If products or components come from overseas, freight is another major obstacle. In a January 2021 article, CNBC Asia markets editor Weizhen Tan reported that spot freight rates from Asia to the United States had skyrocketed since March 2020, and an imbalance in imports and exports had created a shipping container shortage in China.
Demand for New Homes
A major source of material demand—and strain on supply lines—is the housing market, which is still running hot. Interest rates remain low, demographics hold strong, and buyers are looking for a change, acting on many of the same wants and needs that led other households to remodel.
In a vicious cycle, intense demand coupled with a shortage of available materials has left builders struggling to complete homes quickly enough to keep up with buyer interest. “In 2020, we saw a 20% increase in home sales [in Houston] versus 2019, and 2019 was a really good year,” Dean says. “Nobody, going into 2020, forecasted this.

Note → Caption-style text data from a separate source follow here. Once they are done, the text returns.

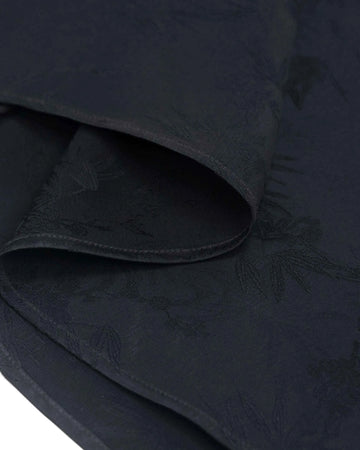 Night-Bloom Jacquard Dress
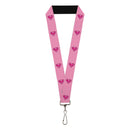 Lanyard - 1.0" - Superman Shield Pink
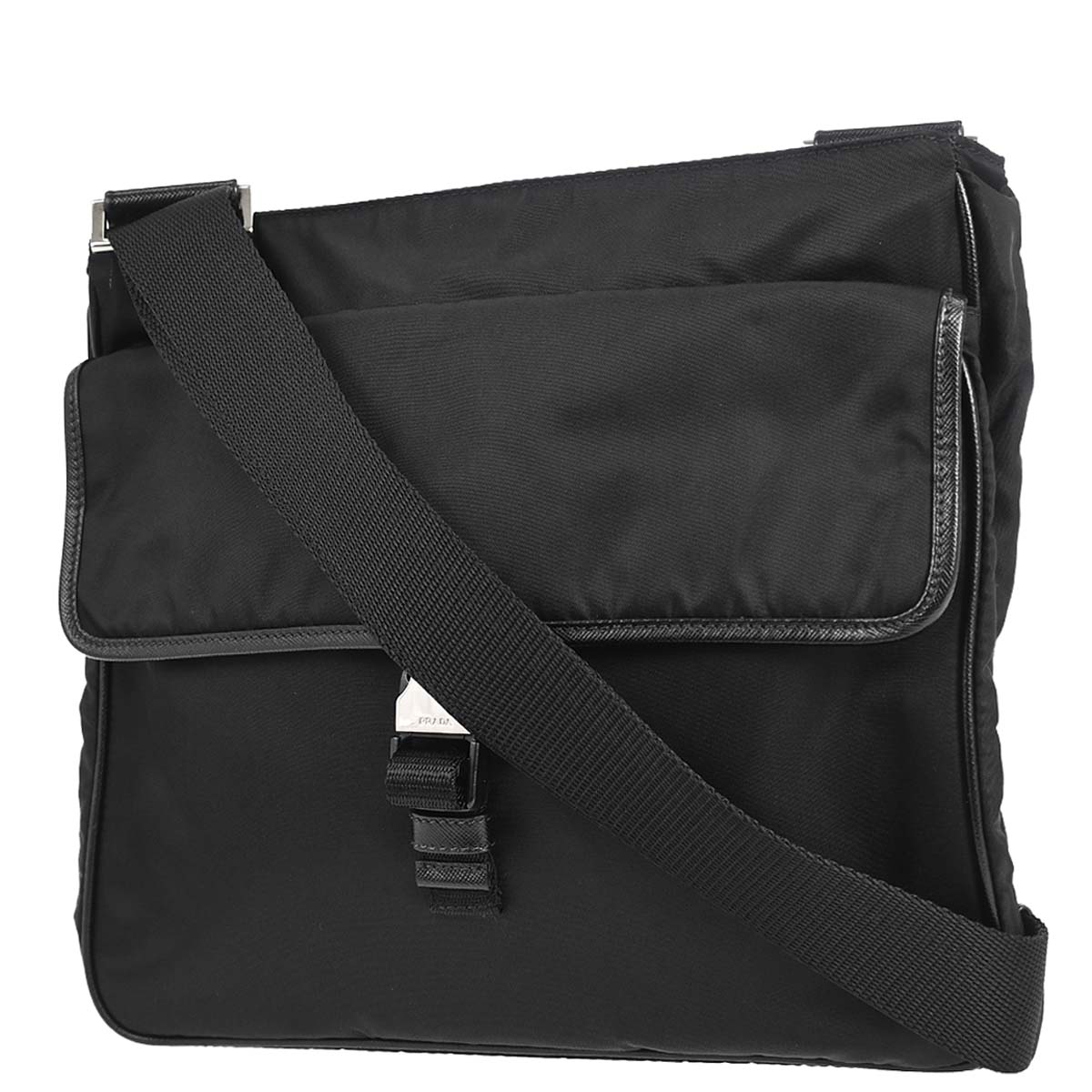 Prada Black Nylon Shoulder Bag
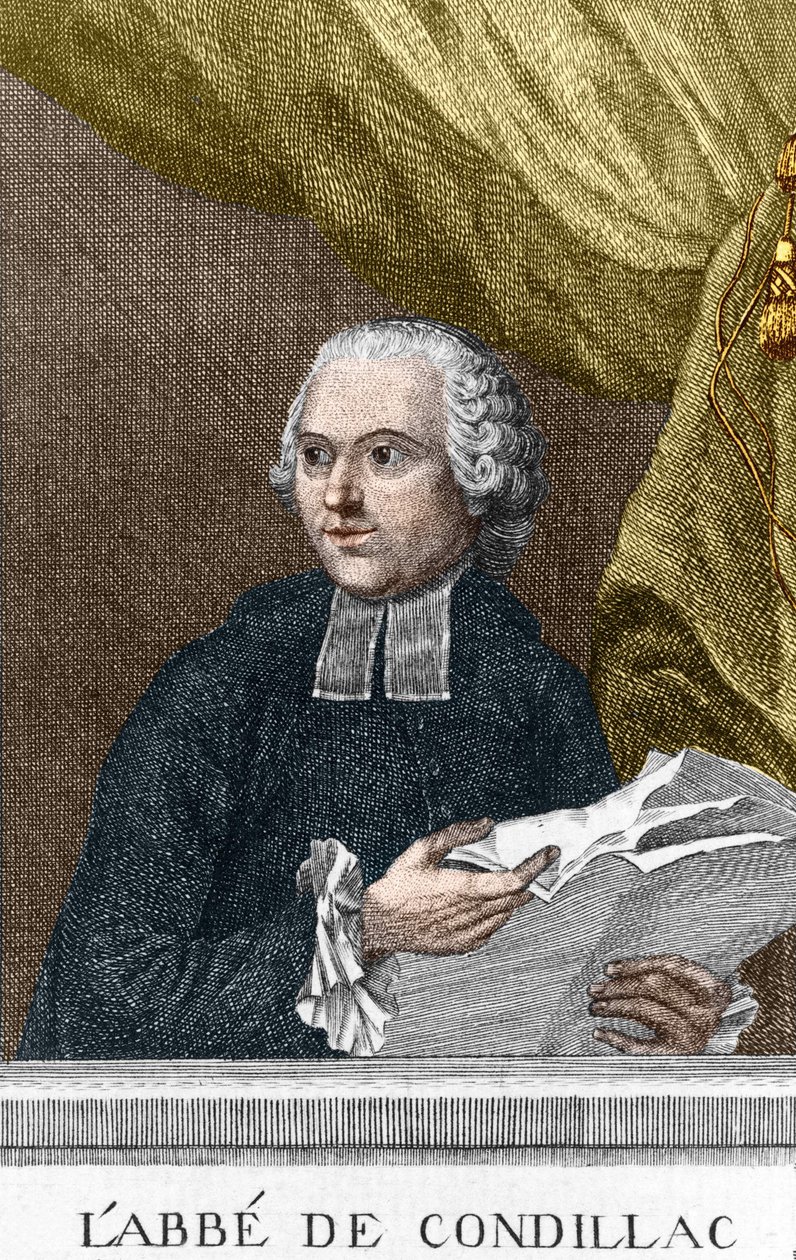 Retrato del Abate Etienne Bonnot de Condillac, filósofo francés de Unknown artist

Appliance makers certainly weren’t planning on dialing up production to satisfy a 20% ramp-up in demand.”
In some cases, according to Dean, builders have asked buyers to pick out their new-home appliances within seven days of the contract signing, in the hopes that they will arrive by the time the home is closed months later. In others, according to NAHB’s Paul Emrath, a builder may sell a house without including certain appliances, instead leaving it to the homeowner to supply them.
Another concern is present and future lot availability. If a builder sells homes too quickly, they run the risk of “gapping out,” or selling out of their lot supply with little to fall back on for the future. As a result, a growing number of builders are limiting the pace of their sales, some to four or six per month, per subdivision. This is in an effort to keep supply steady, avoid pulling in future demand, and preserve the customer experience as much as possible.
“Right now, demand [in Houston] is so high, and the market is so hot, that they could sell as many homes as they ever wanted to,” Dean says. “But they risk having that home buyer have a terrible experience, and that might not be a function of that particular building company so much as too many homes being built in a challenging operating environment. So now builders are keenly aware that if they sell a house to everyone who wants one right now, the buyer may have a poor experience that they’ll remember for 25 years.”
How Long Will It Last?
Dean anticipates that 2020’s sales value represents a cycle peak and forecasts as much as a 10% decrease in year-over-year sales in 2021—not because demand will fall, but because builders do not have the lot or material capacity to deliver any more product. By 2022 or 2023, he expects a return to normal, or slightly below normal if demand has been pulled forward.
On the manufacturing side, Taylor predicts a similar pullback. “This level of demand can’t continue forever,” he says. “We’ll probably get back to some level of normalcy starting in the second half of the year. But that’s more on the retail channel. We see the housing market continuing to pick up steam and getting back to the growth trajectory that was forecast before the pandemic hit.”